↓↓↓
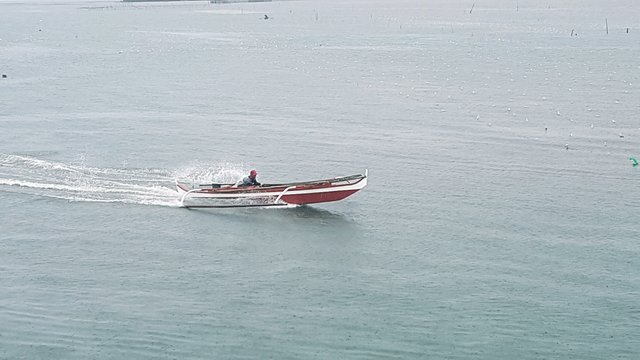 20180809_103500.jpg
↑↑↑
↓↓↓
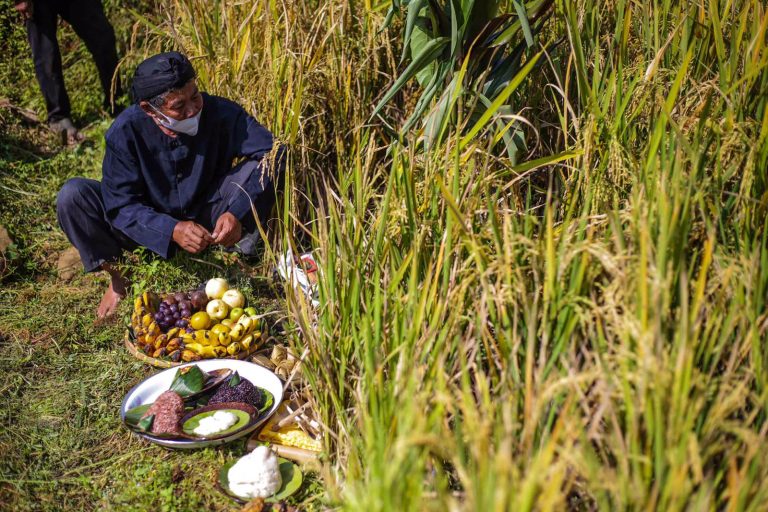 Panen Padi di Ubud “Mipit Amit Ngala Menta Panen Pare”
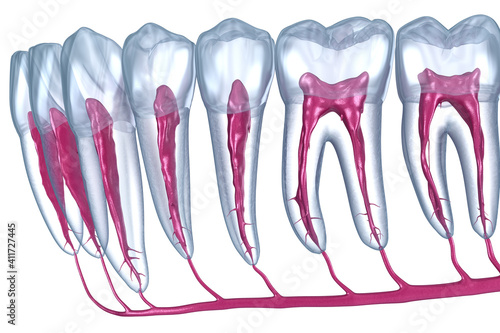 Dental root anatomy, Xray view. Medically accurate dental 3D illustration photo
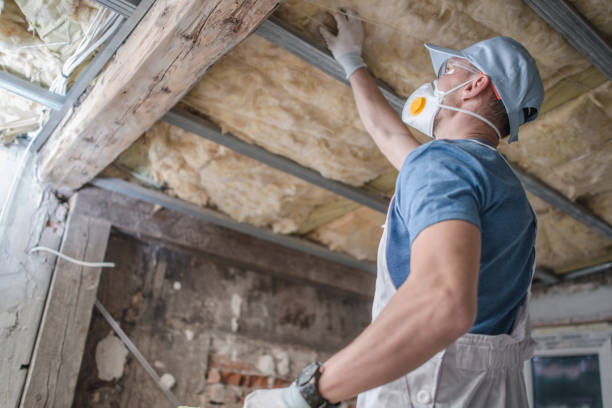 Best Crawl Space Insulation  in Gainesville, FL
↑↑↑
↓↓↓
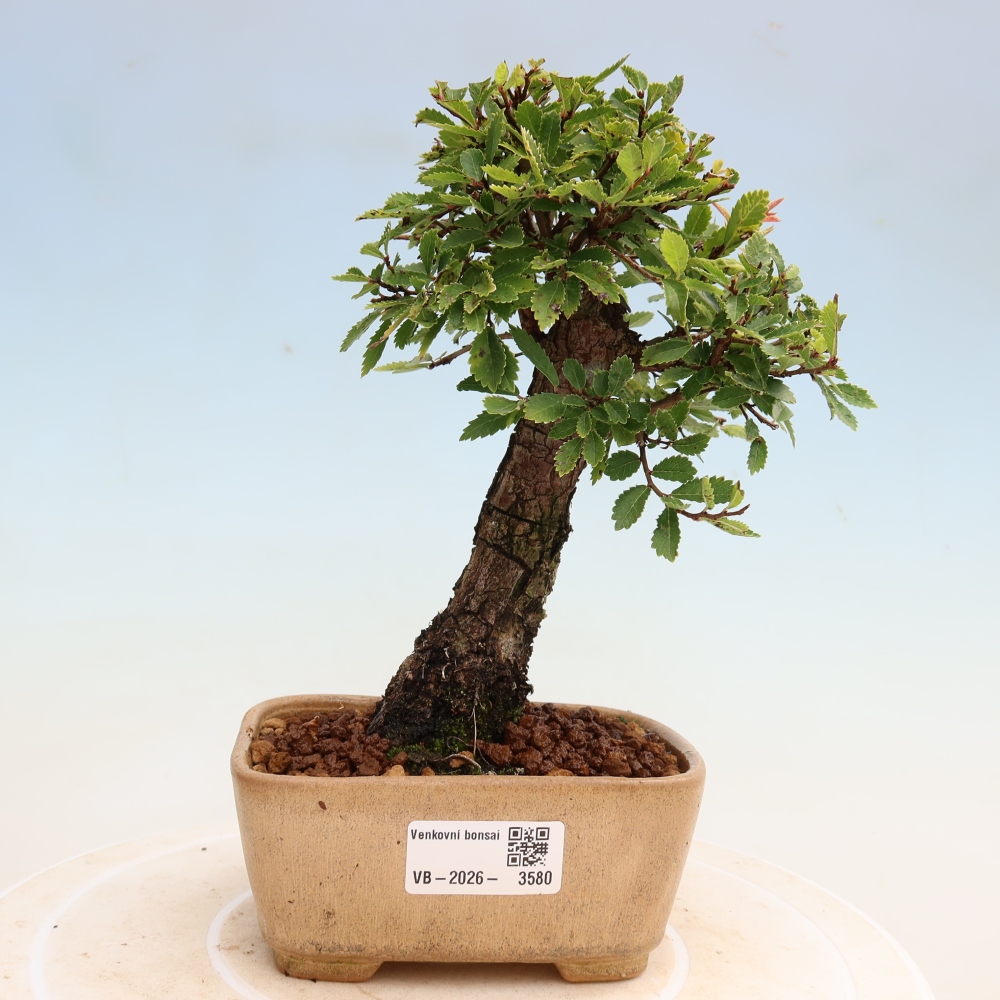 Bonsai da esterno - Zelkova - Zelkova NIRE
↑↑↑
Task goal
Reproduce exactly the lines above that run from the one with "Dental root anatomy, Xray" to the one with "Best Crawl Space", both included, leaving pictures out.

Result of this task
 Dental root anatomy, Xray view. Medically accurate dental 3D illustration photo
 Best Crawl Space Insulation  in Gainesville, FL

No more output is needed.